Eighty-five years is how long a girl born in 2017 in France can hope to live, whereas the average lifespan of women from her grandmother's generation was only 73.(1) Rising longevity, combined with falling fertility, has greatly increased average age in developed countries. These trends, very likely to continue in the coming decades, also affect developing countries. At the scale of the globe, the United Nations forecasts that the number of people aged 60 and over will have grown from 962 million in 2000 to over 3 billion by 2100, while the world's total population will have less than doubled.(2)

A frequent focus of public debate, demographic ageing is currently viewed from two distinct perspectives. On the one hand, we have the business world's enthusiasm for the "silver economy" and the opportunities it is said to represent; on the other, an alarmist message citing retirement system imbalances, inexorably rising healthcare expenses, the skyrocketing costs of old-age dependency, weaker economic growth in conjunction with lower proportions of people of working age, etc. Long is the list of "ills" that will presumably accompany the ageing of our societies. How can we reconcile this apocalyptic vision with the intuition that "gaining a longer life" is in itself a major economic and social advance?

That question is at the heart of Grégory Ponthière's Économie du vieillissement, published in 2017. A professor of economics at the Université Paris-Est Créteil and the Paris School of Economics, Ponthière offers a complete overview of the economic implications of ageing. He is also concerned to present the conceptual tools and empirical methods used in economics to shed light on the conditions and consequences of individual and population-wide ageing. And by highlighting that length of life is a rare and unequally distributed individual resource, he powerfully conveys the relevance of the economic approach to ageing.

In keeping with the spirit of the "Repères" series in which the book was published, it offers an instructive and precise five-chapter presentation of the various ways ageing affects the economy and public finances. The body of the text is accessible to all readers with a general social science education. For readers trained in economics, the book also contains ten boxed insets on more technical points that involve mathematical formalizations.

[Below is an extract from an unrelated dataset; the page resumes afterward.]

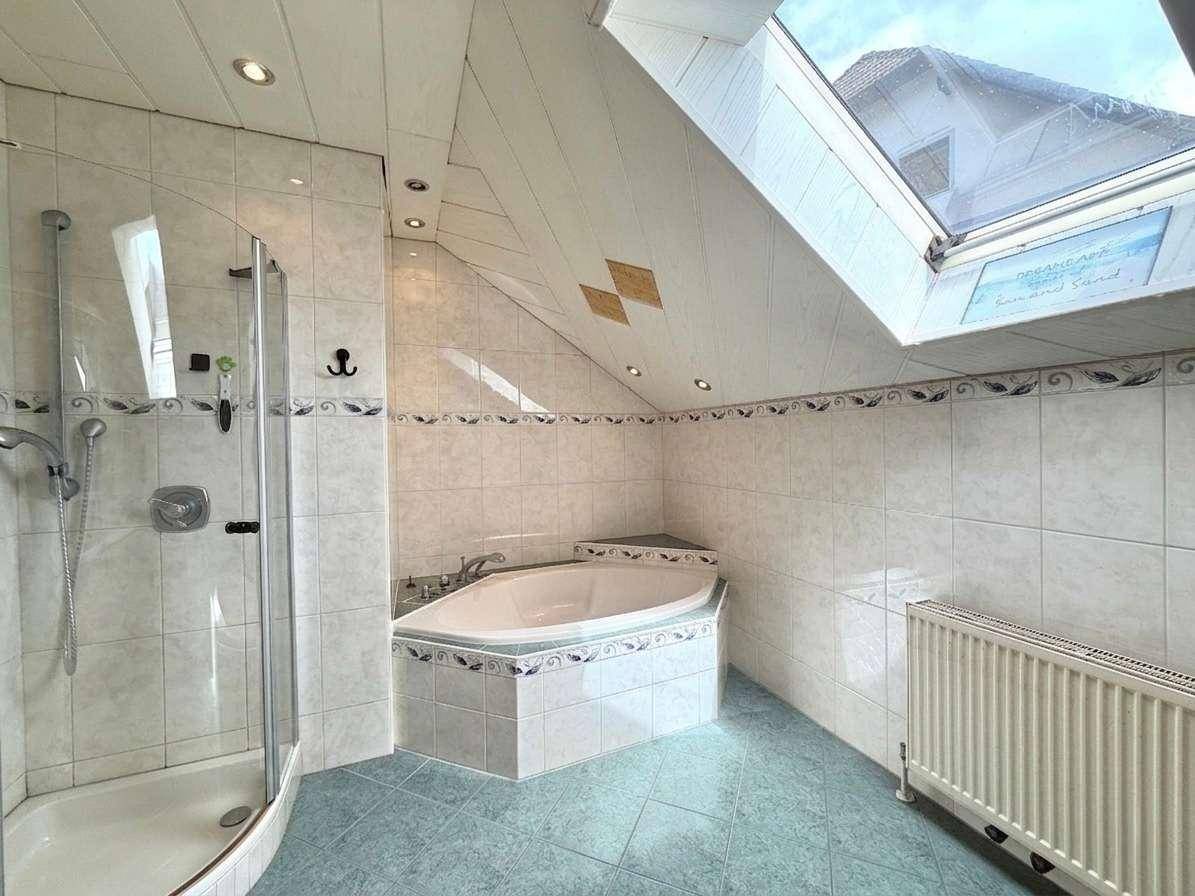 Helles Badezimmer mit Eckbadewanne, Dusche und Dachfenster unter der Dachschräge.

The first chapter situates the phenomena of increased life expectancy and increased proportions of older people in the total population in their social-historical context. It also critically examines the standard definition of demographic ageing and empirical measures of it. Is it accurate to classify a person who has reached a certain age as "old" when health at some ages has considerably improved? It would seem more relevant to calculate a "biological" age that takes into account the individual's health and functional state. The indicators selected should account [End Page 807] for the fact that the relationship between chronological age and state of health varies from one individual to the next, particularly by socioeconomic status. Some methods for measuring ageing are economic, the aim being to compare the working-age population and its productive capacity to the total population and consumption. The book also looks at statistical techniques for inferring an ageing "threshold" from the population pyramid. Paradoxically, those methods find a stable proportion of "elderly" people in France's population as a whole from 1930 to 2000. The examples presented demonstrate how choice of demographic ageing measure influences perception of the phenomenon.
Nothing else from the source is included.